Start of GIVEN RECORDS

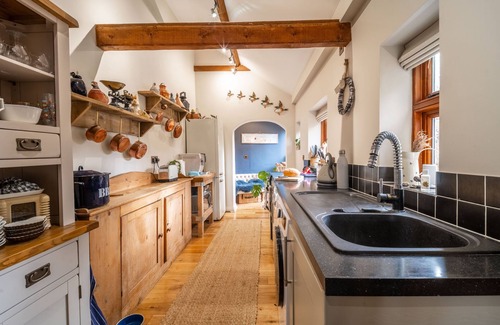Docking Cabaña | Samphire Cottage - character cottage with wood burning stove and courtyard garden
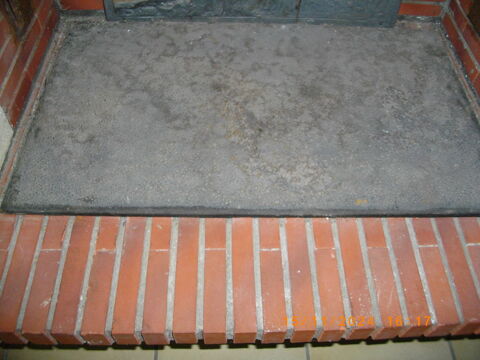 PLAQUE DE CHEMINEE - (NEUVE)
250 Perros-Guirec (22)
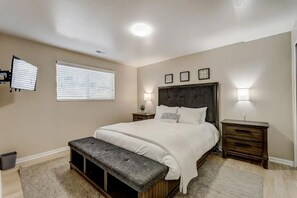 2 bedrooms, WiFi - Stylish Capital Hill Condo (Salt Lake City)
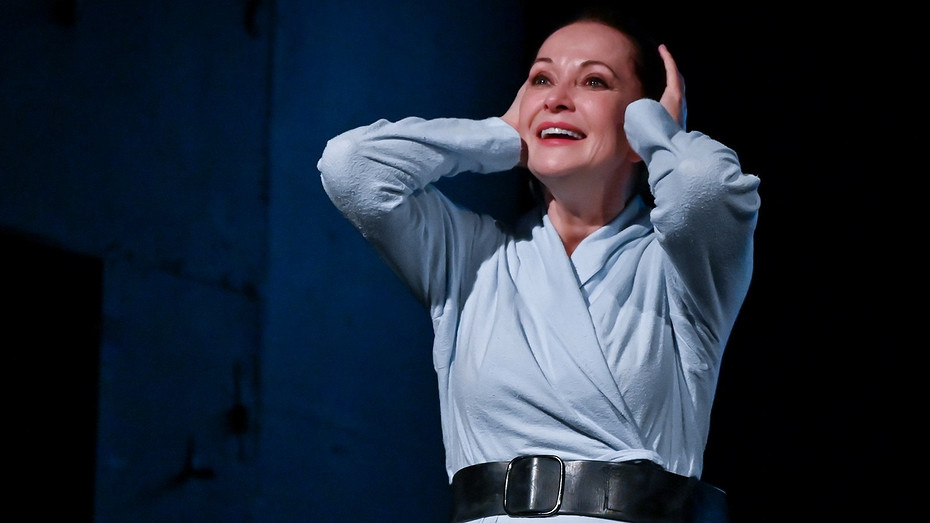 "Очаровательная русалочка": 58-летняя Ольга Кабо показала фигуру в купальнике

End of GIVEN RECORDS

EXERCISE AIM.
If a record holds a picture, drop the picture and reproduce everything else exactly.

REPLY TO THE EXERCISE.
Docking Cabaña | Samphire Cottage - character cottage with wood burning stove and courtyard garden
 PLAQUE DE CHEMINEE - (NEUVE)
250 Perros-Guirec (22)
 2 bedrooms, WiFi - Stylish Capital Hill Condo (Salt Lake City)
 "Очаровательная русалочка": 58-летняя Ольга Кабо показала фигуру в купальнике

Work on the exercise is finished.